Debo reconocerles que me fascinan los abrazos. No hay nada más universal que uno bien dado. Y nada más desastroso que otro a medias tintas y flojo. El abrazo es una declaración de amor verdadero o falso. Puede llevar pasión y energía en las manos; también un cuchillo escondido o una bolsa de piedras que colgar a la espalda del enemigo. Las historias alegres y tristes de este loco mundo están llenas de abrazos. Da igual de dónde vengas. Un primer contacto cuerpo a cuerpo te puede salvar cuando eres un desconocido o crear un muro más grande que el que quiere construir Trump en la frontera con México.

Viene a cuento esta reflexión por lo comentado en la escena del reciente acuerdo PSOE-Unidas Podemos para que este país tenga por fin un Gobierno. Da igual si firmaron papeles Sánchez e Iglesias, como ya lo habían hecho otra vez. En esta ocasión la gran novedad fue el abrazo. Duró unos segundos, pero pareció una vida. Nunca se vio a dos líderes tan cerca. Mi duda fue saber a cuántas pulsaciones latieron sus corazones en ese momentazo digno de pasar a los libros de historia española que estudiará mi hija en el futuro. Solo faltó una confesión al oido de cualquiera de ellos. Hubiera sido ya del todo inolvidable.
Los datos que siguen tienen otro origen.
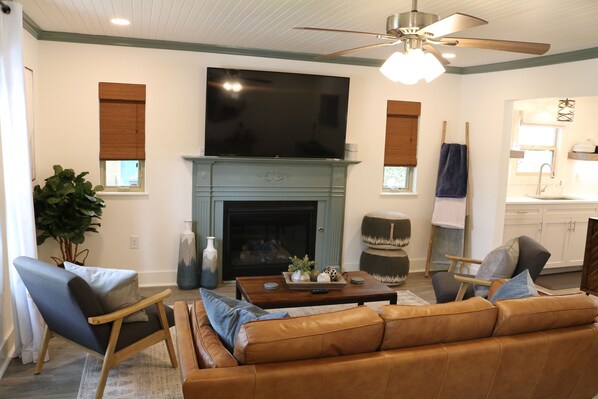 The cozy living room is relaxing and inviting.  There is a 60" Roku TV.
A veces no nos damos cuenta de que el valor de lo simbólico vale mucho más que las palabras. Y en esos los abrazos tienen un protagonismo estrella. Da lo mismo cuanto hablemos si no lo refrendamos con la comunicación física. Ocurre en ocasiones que las relaciones fracasan si los interesados no alcanzan la necesaria cercanía. Otras la empatía se dispara entre quienes saben romper el hielo con el primer acercamiento. ¿Cuándo fue la última vez que le dieron un abrazo a su compañero de trabajo? Por eso a Iglesias y Sánchez les espera un gran futuro si continúan abrazándose todos los lunes cuando coincidan en los despachos de Moncloa. Si dejan de hacerlo, el fracaso estará asegurado.